A highly successful aspect of Australia’s foreign investment regime has been the use of conditional approvals. The ability to approve investments with conditions has been instrumental in ensuring investors behave in a way that is consistent with Australia’s national interest.
The regime could however be improved. Now, as Treasury is taking steps to modernise the 40 year old foreign investment rules, the Government should consider amending the conditional approval regime so that it is better able to be enforced and conforms to the equivalent policies used by ASIC and the ACCC.
Under current law the Australian Treasurer has the power to block a foreign investment proposal from proceeding or limiting it if he or she believes it would be contrary to the ‘national interest’.
In practice the Government often allows a foreign investment proposal to proceed subject to conditions. These conditions are often framed as behavioural undertakings designed to preserve the national interest. For example, a common requirement is that the location of the organisation’s management stays in Australia.
The ability to grant approvals with conditions has allowed the Foreign Investment Review Board and the Government considerable flexibility and many proposals are approved with conditions. Since 2006, more than half (56%) have been approved with conditions.
State-owned entities have been particularly prominent in approvals that have been granted with conditions. Since 2008, the Government has managed concerns about SOEs investing in Australia by imposing behavioural undertakings to try to ensure SOEs operate like normal corporate players.
These conditions (as we have previously discussed) have been readily accepted and complied with by SOEs are an important part of protecting the national interest.
IT’S TIME TO IMPROVE CONDITIONAL APPROVALS
A significant limitation of the existing conditional approval regime is the lack of options available to the Government in the case of a condition being breached.

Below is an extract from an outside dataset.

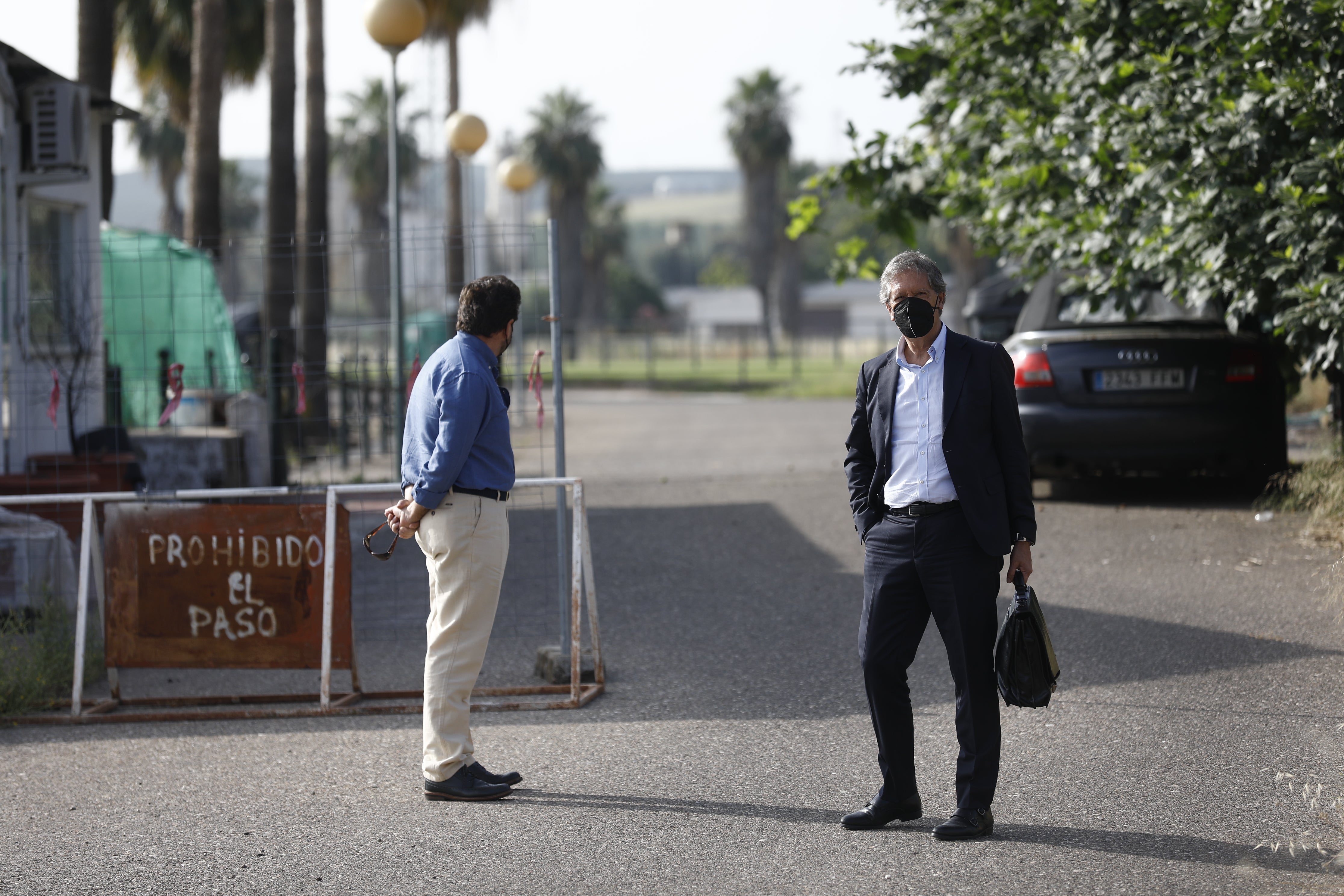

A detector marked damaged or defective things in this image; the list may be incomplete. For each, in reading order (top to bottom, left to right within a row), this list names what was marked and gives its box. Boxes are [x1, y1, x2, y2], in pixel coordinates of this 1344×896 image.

rusty metal frame [0, 481, 605, 725]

As it stands today if an investor breaches a condition, FIRB has to treat it as if the entire acquisition is in breach of the Foreign Acquisitions and Takeovers Act (FATA). There is no nuanced response available. The transaction would infringe the national interest and be liable to be unwound and punished by criminal penalties.
The conditional approval policy will be improved by the proposed new civil penalty and infringement notice regime. But an explicit enforceable undertaking regime might further enhance the Government’s enforcement of FATA and the Policy.
A logical step would be to align FIRB’s conditional approval policy with the equivalent policies used by the Australian Securities and Investments Commission (ASIC) and the Australian Competition and Consumer Commission (ACCC).
An enforceable undertaking is an administrative sanction available to various Australian regulators at both the federal and state level. It is used in a number of instances to deal with alleged breaches of the law and a preventative measure to address potential competition concerns in a merger.
The similarity between the models adopted in Australia, particularly ASIC and the ACCC has been recognised in a number of judgments, and there is a significant body of judicial opinion.
As Marina Nehme points out regulators should have available a mix of enforcement strategies and sanctions. This mix allows the regulator to react in a manner proportionate to the committed offence.
The judgments in relation to these provisions are regularly cross-referenced.and have built up a considerable body of law. For example, a court in deciding if an undertaking is breached or not, will apply an objective test and will not consider “intent” where intent is not a requirement of the law that has been breached.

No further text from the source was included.